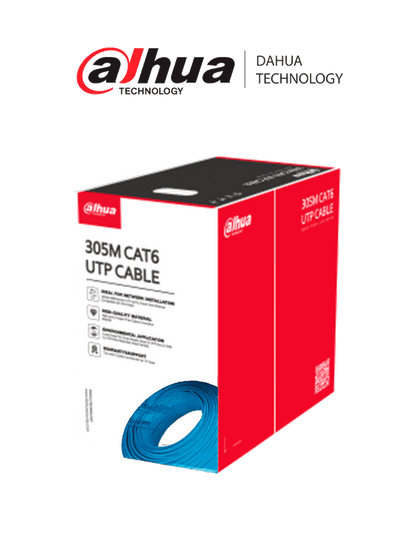 DAHUA PFM920I-6UN-C - Bobina de Cable UTP 100% Cobre/ Cat 6/ Color Azul / Interior/ 305 Metros/ Ideal para Redes y Video/
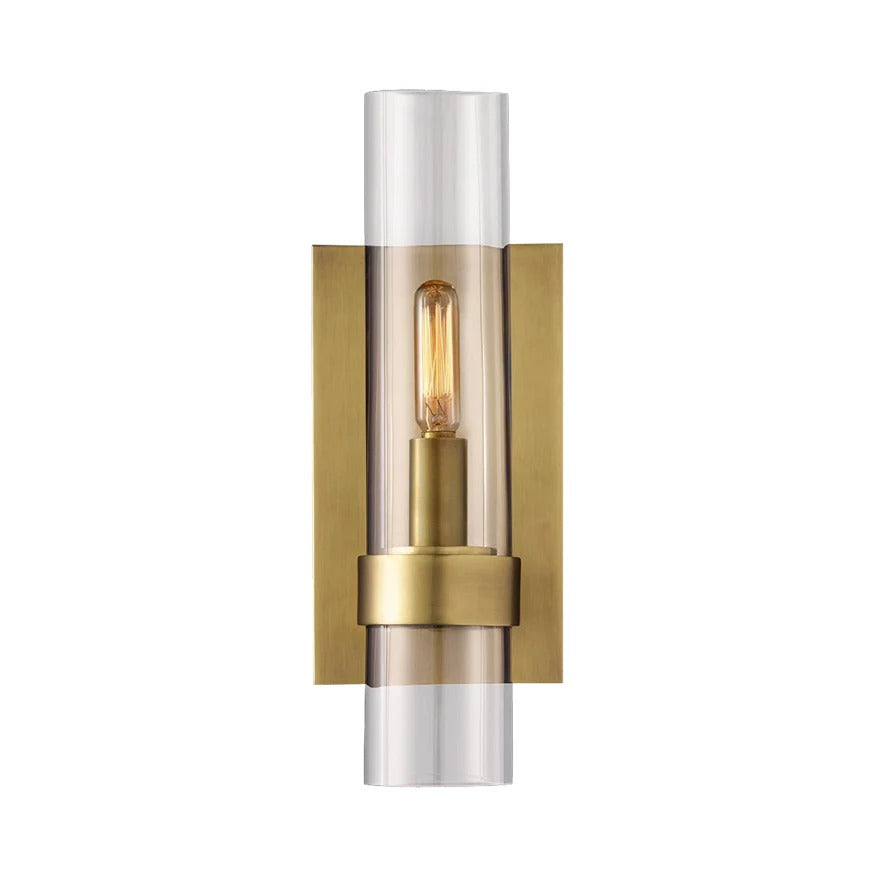 Wall Light Clear Glass Cylinder Traditional Design | Bravon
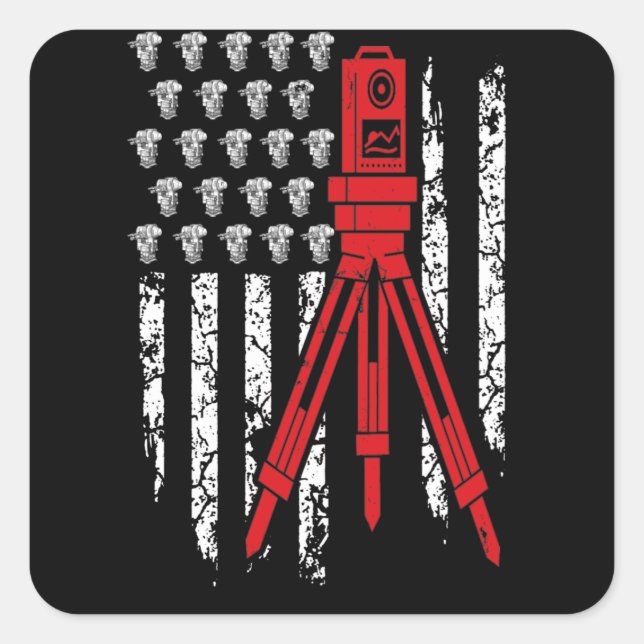 Surveyor Engineer Flag USA Square Sticker (Front)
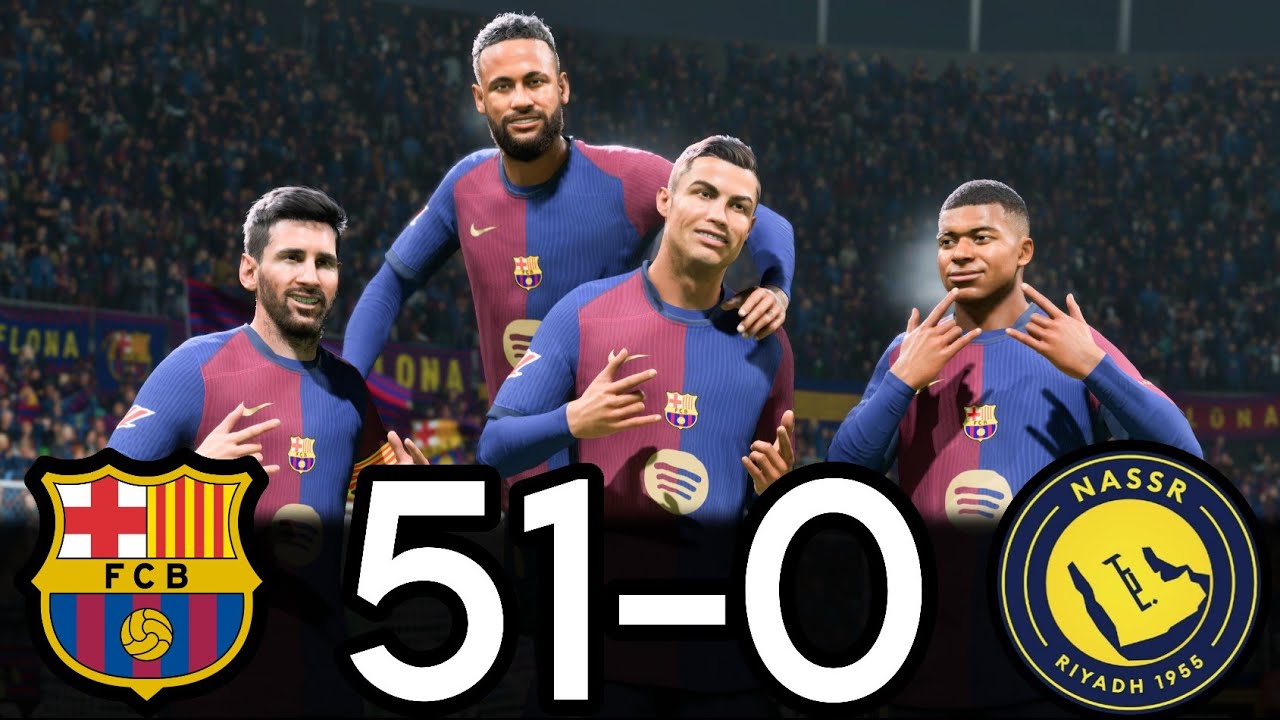 FC 25 -MESSI RONALDO NEYMAR & MBAPPE | ALL STARS |  BARCELONA 51-0 AL NASSR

-----

Write out the material above again, word for word, minus its pictures.

SOLUTION:
 DAHUA PFM920I-6UN-C - Bobina de Cable UTP 100% Cobre/ Cat 6/ Color Azul / Interior/ 305 Metros/ Ideal para Redes y Video/
 Wall Light Clear Glass Cylinder Traditional Design | Bravon
 Surveyor Engineer Flag USA Square Sticker (Front)
 FC 25 -MESSI RONALDO NEYMAR & MBAPPE | ALL STARS |  BARCELONA 51-0 AL NASSR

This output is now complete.